There are myriad practices, often accompanied by software tools, that can help ensure research projects are reproducible. This overview workshop will help you decipher which to adopt and when to adopt them. The workshop also highlights additional benefits many of these practices confer, such as making it easier to collaborate with others. As an overview, this workshop is relatively non-technical, but provides technical references, including other DataLab workshops, for all of the practices covered.

This workshop is intended for learners at all experience levels, and may benefit learners at different experience levels in different ways.
Learning Goals

After completing this workshop, learners should be able to:
- Describe widely-used practices and tools for ensuring that research projects are reproducible, such as:
  - Writing documentation
  - File and directory naming conventions
  - Version control systems
  - Software environment management
  - Build systems
  - Packaging
  - Software testing
  - Virtualization and containerization
- Explain the advantages and disadvantages of these reproducibility practices
- Evaluate whether a given reproducibility practice is relevant to their research project
- Identify references they can consult to learn technical details about reproducibility practices
- Explain the ways in which reproducibility practices can facilitate collaboration for active research projects
Important

We use this slide deck when we present this workshop.

The entire workshop is summarized by this cheat sheet.
Introduction to the Command Line (one 2-hour session)

Learn and practice how to talk directly to your computer via the command line. The command line is a powerful tool for using scientific software, working with large data sets, and controlling remote servers. It is primarily used to manage files and run programs, and it allows for automation of repetitive tasks. This workshop is a prerequisite for many of DataLab’s other workshops, including all of the following workshops in this list.
Learning Goals

After completing this workshop, learners should be able to:
- Explain the directory structure of their computers
- Navigate across and within files and directories
- Create, copy, move, and delete files
- Use command line tools to edit files
- Identify where to go for help and to learn more
See also

There’s a recording of an earlier version of this workshop on Aggie Video.
Installing Software with Pixi (one 2-hour session)

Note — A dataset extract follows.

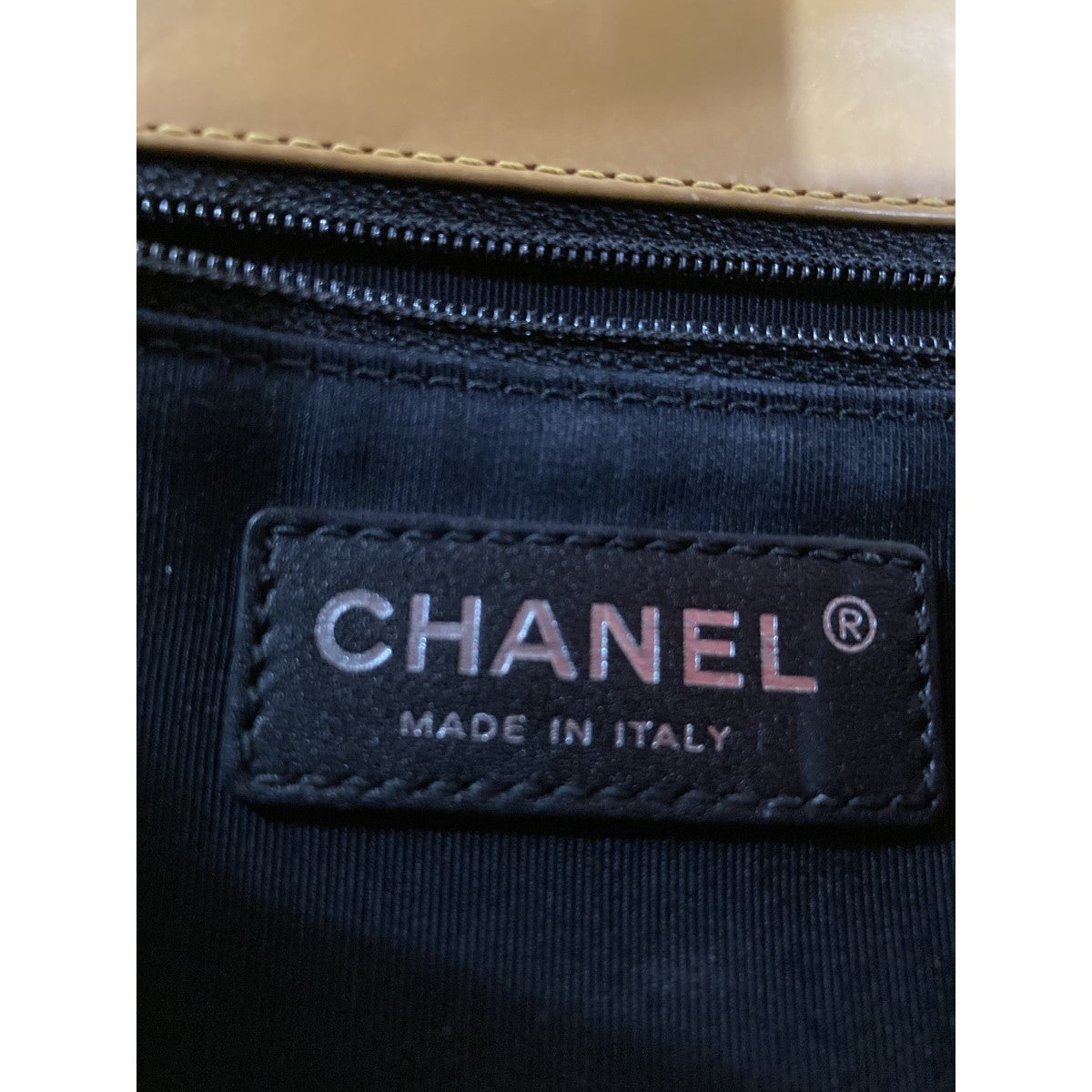 シャネルの2011年モデル チェーンショルダーバッグです。 CHANEL バッグ 古着・中古アイテム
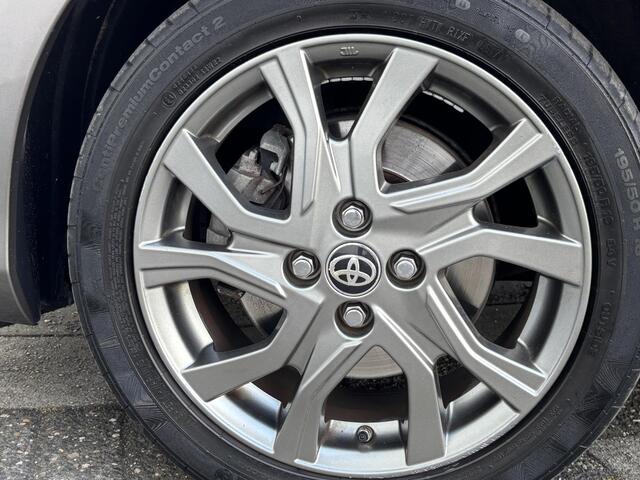 Toyota YARIS 1.5 Hybrid Dynamic Rijklaar prijs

Learn how to install and manage open-source software packages for research computing. Installing software is often tricky due project-specific requirements for package versions—which can conflict with other projects—and inconsistent or incomplete install documentation. We’ll focus on using Pixi, a package manager for the conda ecosystem, to create independent, reproducible software environments and install software with ease. We’ll also briefly discuss the unique advantages of using pixi for Python projects and how pixi compares to other package managers.
Learning Goals

After completing this workshop, learners should be able to:
- Explain what computing environments are
- Explain what virtual environments are and why they’re useful
- List popular tools for installing software on POSIX computers
- Create and organize project directories for projects
- Initialize projects with Pixi
- Install software with Pixi
The second half of this workshop is modular, and which units are covered is up to the instructor. Each unit lists specific learning goals.
Introduction to Version Control (one 2-hour session)

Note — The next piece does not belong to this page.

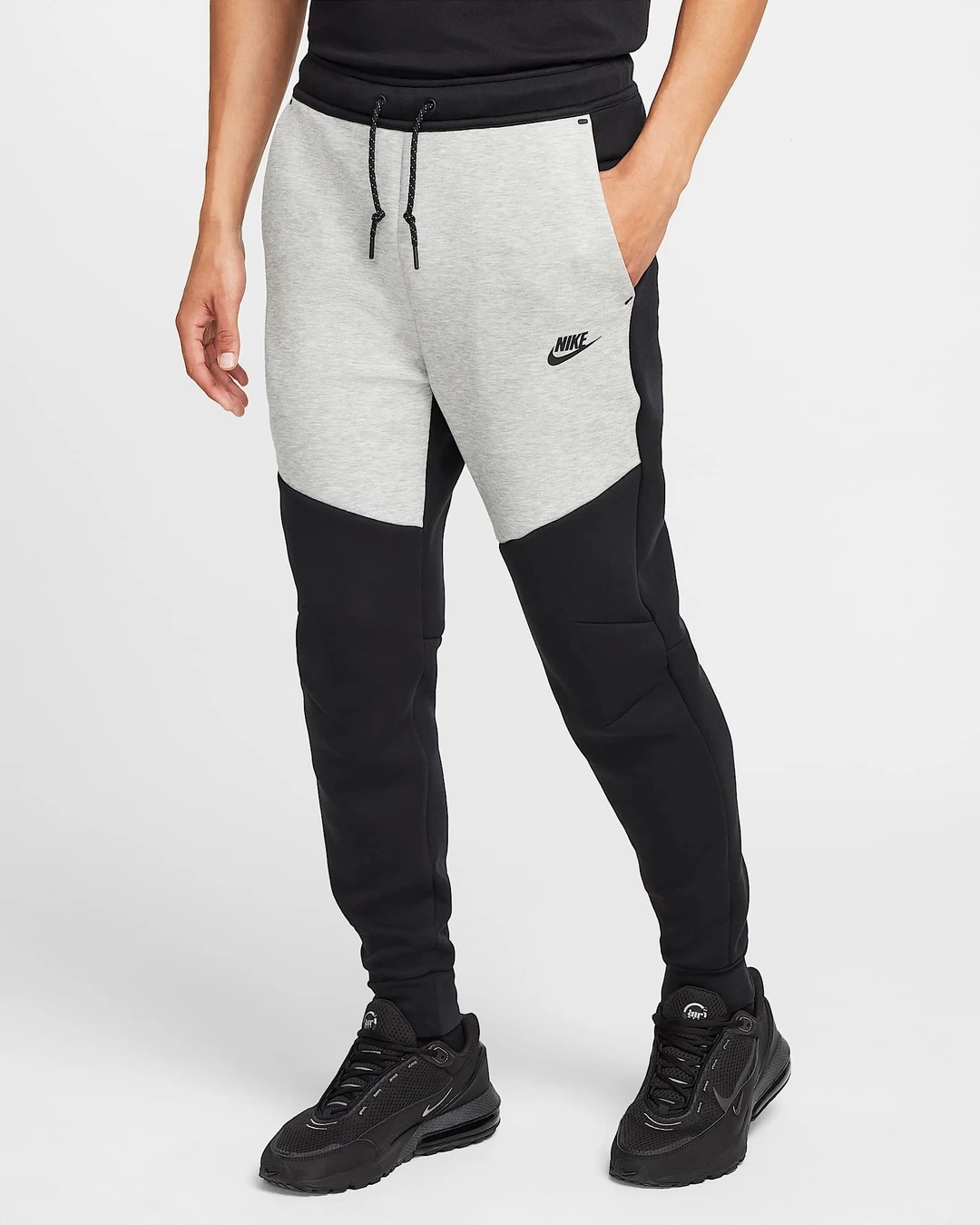 Tech Fleece 5th GEN Jogger – Siyah/Gri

This workshop covers the fundamentals of using version control systems for reproducible research. Topics covered include what version control is, key concepts and terminology, how to install the Git version control system, how to create a repository, how to save versions of files, how to restore old versions of files, and how to use hosting services for Git repositories to share and collaborate on projects.
Learning Goals

After completing this workshop, learners should be able to:
- Explain the purpose of using a version control system (VCS)
- Explain the difference between centralized and distributed version control
- Explain what a repository is
- Explain what Git is
- Initialize a Git repository
- Check the status of a Git repository
- Explain what the Git working tree and staging area are
- Inspect and stage changes to a Git repository
- Commit changes to a Git repository
- View the history of commits in a Git repository
- Restore an old version of a file from a commit
- Explain what GitHub is and how it relates to Git
- Create an SSH key in order to authenticate with GitHub
- Explain the difference between a local and remote repository
- Clone a remote repository to your computer
- Push changes to a remote repository
- Pull changes from a remote repository
Git for Teams (one 2-hour session)

This workshop goes beyond the basics of Git: it explains how to customize Git to suit your preferred workflow and how to take full advantage of Git and GitHub’s collaborative features. Topics include why and how to use branches, how to merge branches even when there are conflicts, how to use GitHub’s project management features, and ways to configure Git to be more convenient. This workshop also prepares learners to use Git to contribute to open-source projects.
Learning Goals

After completing this workshop, learners should be able to:
- Explain what a branch is
- Describe some ways in which branches are useful
- Explain how local branches and remote branches are different
- List the branches in a repository
- Switch between branches in a repository
- Explain what a merge is
- Merge one branch into another
- Explain what a merge conflict is
- Describe some ways to avoid merge conflicts
- Resolve a merge conflict
- Explain what an issue is
- Create an issue
- Explain what a fork is
- List a repository’s remotes
- Add a remote to a repository
- Remove a remote from a repository
- Explain what a pull request is
- Create a pull request
- Merge a pull request
- Use GitHub Flow to contribute to projects
- Create a .gitignore file to make Git ignore specific files
- Describe some popular Git configuration changes
- Create Git aliases
- Describe some strategies to fix problems with repositories
- Name some references to turn to for help with Git

Open-source tools are an integral part of many research projects. Contributing to these projects ensures they continue to be sustainable, and releasing research-related code under open-source licenses ensures computational research is reproducible. These workshops are part of the University of California Open Source Program Office Network and their development was funded in part by a grant from the Alfred P. Sloan Foundation.